Single by Tory Lanez and T-Pain

from the album Chixtape 5
- Released: November 8, 2019
- Genre: R&B; trap;
- Length: 3:53
- Label: Mad Love; Interscope;
- Songwriters: Daystar Peterson; Daniel Gonzalez; Faheem Najm; Anthony Woart, Jr.;
- Producers: Play Picasso; Tory Lanez; Papí Yerr;

Tory Lanez singles chronology
| "2 Cups" (2019) | "Jerry Sprunger" (2019) | "Numb" (2020) |

T-Pain singles chronology
| "Girlfriend" (2019) | "Jerry Sprunger" (2019) | "Can You Hear Me?" (2020) |

Music video
- "Jerry Sprunger" on YouTube

= Jerry Sprunger =

2019 single by Tory Lanez and T-Pain

"Jerry Sprunger" is a song by Canadian singer and rapper Tory Lanez and American singer T-Pain. It was released on November 8, 2019 as the lead single from the former's fourth studio album, Chixtape 5. The song samples and heavily interpolates T-Pain's hit single "I'm Sprung" (2005), and its title is a reference to British-American television personality Jerry Springer.

== Background ==
Tory Lanez teased the song in early December 2018, when he posted a video of T-Pain's first reaction to the track on Twitter.
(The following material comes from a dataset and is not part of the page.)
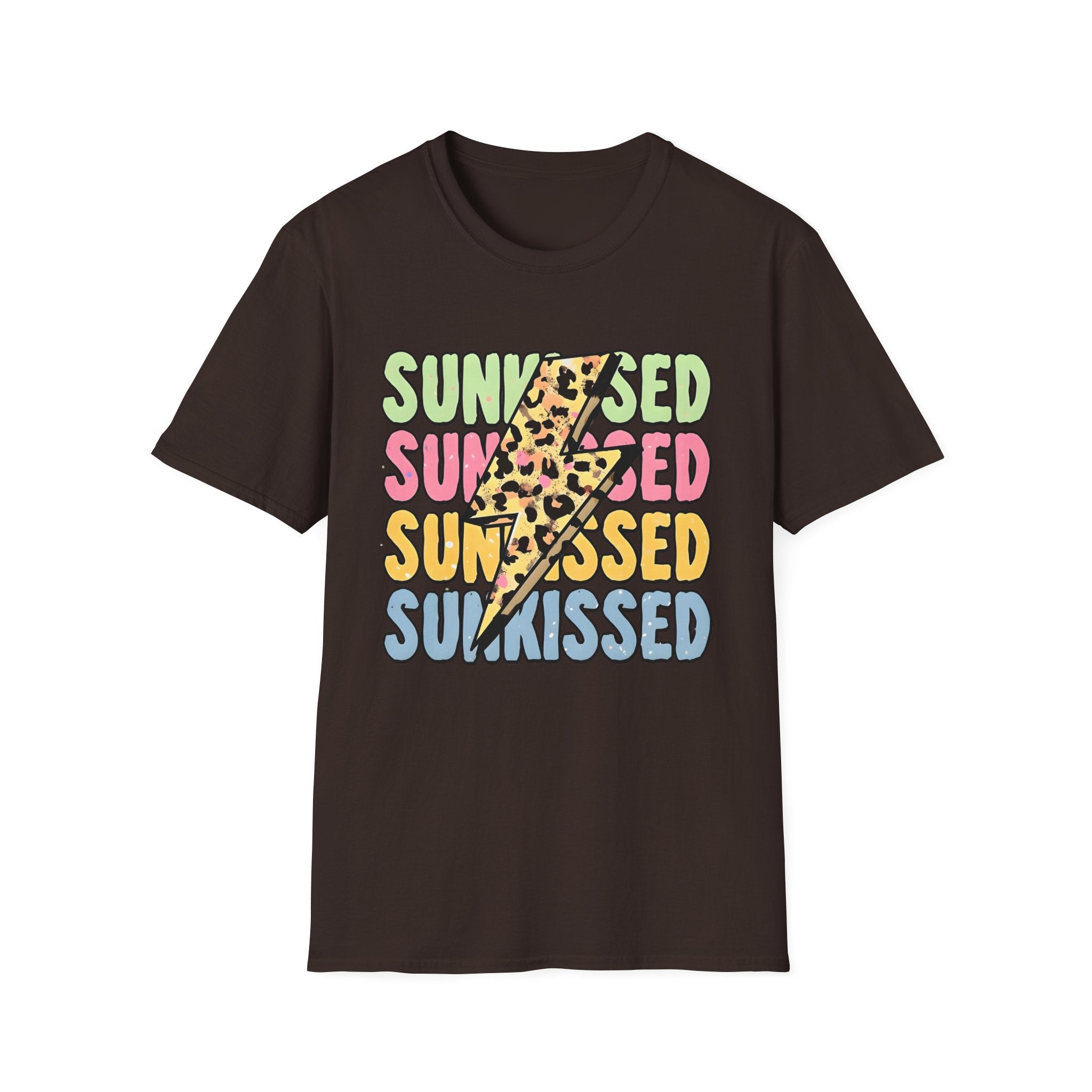 Sunkissed Retro Leopard Lightning T‑Shirt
It was released on November 8, 2019 as the single from his album Chixtape 5, which was released a week later.

== Music video ==
The official music video was released on November 8, 2019. It consists of a remake of T-Pain's music video for "I'm Sprung". In keeping with the theme, Lanez rocks throwback looks from the early 2000s including do-rags, bandanas, oversized T-shirts, and jerseys while hosting a barbecue on the front lawn of his house with bikini-clad guests.

== Charts ==

=== Weekly charts ===

| Chart (2019) | Peak position |
|---|---|
| Australia (ARIA) | 95 |
| Canada Hot 100 (Billboard) | 34 |
| UK Singles (OCC) | 32 |
| US Billboard Hot 100 | 44 |
| US Hot R&B/Hip-Hop Songs (Billboard) | 20 |
| US Rolling Stone Top 100 | 15 |

=== Year-end charts ===

| Chart (2020) | Position |
|---|---|
| US Hot R&B/Hip-Hop Songs (Billboard) | 84 |

== Certifications ==

| Region | Certification | Certified units/sales |
| United Kingdom (BPI) | Silver | 200,000^{‡} |
| United States (RIAA) | Platinum | 1,000,000^{‡} |
^{‡} Sales+streaming figures based on certification alone.